Export restrictions that Japan has imposed on Korea not only threaten the relationship between the two countries but also affected the global electronics manufacturing industry.
Declaration made by Japan earlier this week marked a “step back” in the relationship, which is not very good between the two countries. This move led the Seoul government to retaliate and caused many chip makers to face a shortage of temporary supplies.
From July 4, Japanese suppliers must be licensed by the government, before exporting three important chemicals of the semiconductor industry to Korea. The review process can take up to 3 months. However, Korean chip makers usually store enough parts and materials for 1-2 months only.

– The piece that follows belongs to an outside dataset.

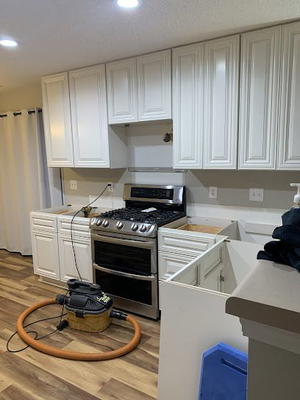 YG Home Repairs & Improvement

Direct impact on global supply chain
A source from SK chip maker Hynix said it did not have enough stock for the next three months. It would have to stop the production line; if it failed to buy necessary materials from Japan during this time. Leading chip firm Samsung was also assessing the situation and not commenting further.

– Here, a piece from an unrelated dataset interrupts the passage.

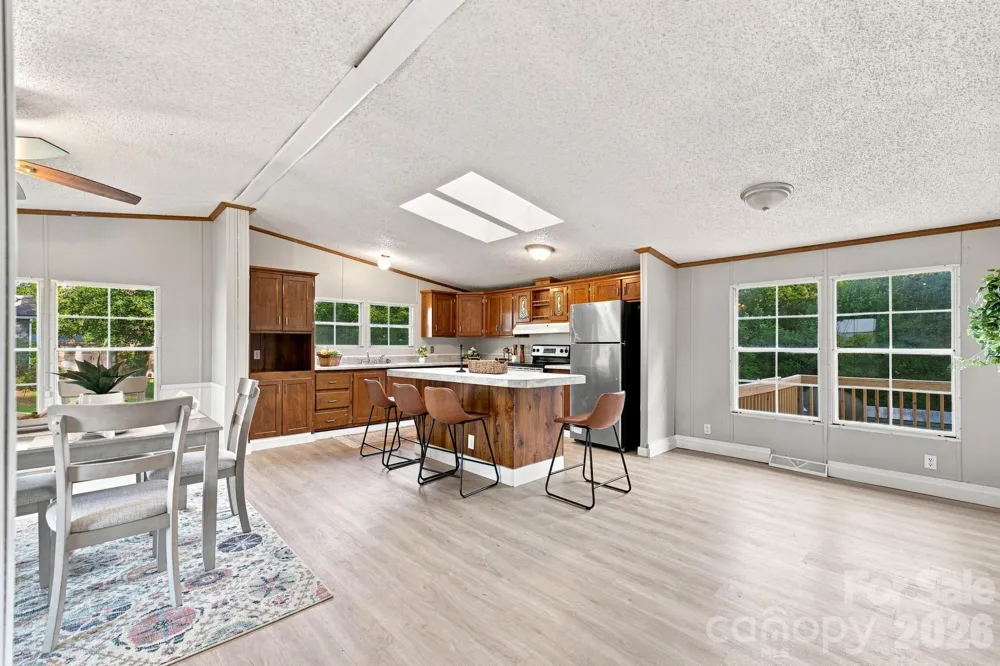 3159 Ward Green Street Lenoir, NC 28645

The impact of Japan’s “embargo” could spread around the world. Especially when South Korea accounted for 70% of the market share of dynamic random access memory (DRAM), and 50% of NAND flash memory market share. Samsung is also leading the chip market in terms of revenue while SK Hynix ranks the third.
All smartphones and computers need memory chips. Memory chips of SK Hynix and Samsung are used in devices such as Apple iPhone, Huawei phones, HP computers, Lenovo, and even Sony TVs, Panasonic.

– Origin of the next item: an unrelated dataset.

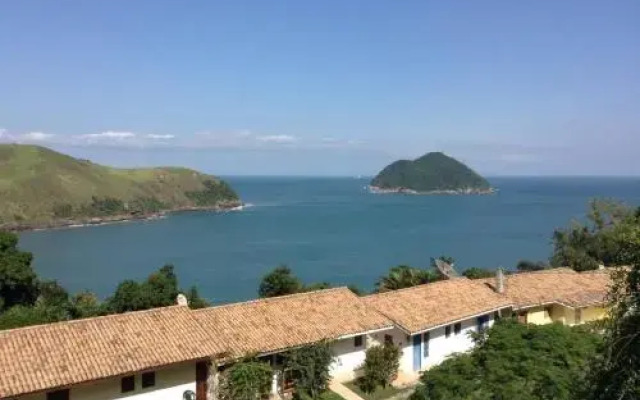 Casa praia vista mar ttg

A representative of a major Japanese electronics company expressed concern that the ban could have the opposite effect. “If Korea’s memory supply is lacking, iPhone production has a problem that will affect our supply of components,” Nikkei quoted the person as saying.
Japanese companies with little reputation are holding a huge market share in the three types of export-restricted materials. They used Polyimide to make flexible OLED displays. They also utilized the other two materials for circuit board manufacturing, including resistors (coatings) and gas etching (gaseous anti-corrosion agents).
The most prominent companies in this area are JSR, Showa Denko, and Shin-Etsu Chemical. All of which own at least one-third of their capital from foreign investors.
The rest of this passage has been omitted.